You should always bench your code before using such optimizations. And then you should look at the assembly and decipher what your compiler already does for you. But in this case, it seems to be an boost (for me).
__forceinline is a Microsoft Visual Studio specific extension. The compiler should generate optimal code, but for this it doesn't. So here I used this extension.
回答2:
Please read up about loop unrolling on wikipedia. The whole point is to save comparisons on the loop variable. Did you profile the code? I do not see how this can save you cycles compared to a loop.
Any modern compiler should completely unroll a loop with a small static loop count for you.
I also hope you don't use the hashes for modulo-based hash tables, as you will lose the upper bits of your hash.
回答3:
There's no loop involved in your original code, so it cannot be unrolled.
回答4:
You are allowed to specialize like that. However, I think you are focusing on the optimization of unrolling the loop. Until you profile your code and show that it is a bottleneck, you are better off not prematurely optimizing.
回答5:
I dont know if the semantics is right, but in this case the function template itself could be recursive:
template <int size>
inline uint hashfn( const char* pStr ) {
uint result = *pStr;
result *= 4;
return result + hashfn<size-1>(++pStr);
}
//case 0 stops
template <>
inline uint hashfn<0>( const char* pStr ) {
return 0;
}
As Christopher said, just be sure that it gets inlined...
回答6:
For code
template <size_t N>
void
function (float *a, float *b, float *c)
{
for (size_t i = 0; i < N; ++i)
{
c[i] = a[i] * b[i];
}
}
my compilers (msvc 2005, gcc 4.3) unroll loops automatically.
回答7:
I have the following code: ... (code that uses Duff's device) ...

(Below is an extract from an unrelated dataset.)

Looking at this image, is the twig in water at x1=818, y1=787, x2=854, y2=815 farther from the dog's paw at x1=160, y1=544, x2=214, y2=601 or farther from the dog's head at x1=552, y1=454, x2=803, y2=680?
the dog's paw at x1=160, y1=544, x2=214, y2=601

It is an unrolled loop with a switch statement to jump in at the right spot. The size is however a constant since it is a template parameter. Could I specialize this for certain size values?
You certainly can, but there will be a lot of boilerplate involved, for each possible size. With appropriate levels of abstraction, and use of the Boost metaprogramming and preprocessor libraries you might even get this down to something reasonable.
Your maintenance costs will go up, so I'll echo others and recommend you make sure you really should do this now that you know you can.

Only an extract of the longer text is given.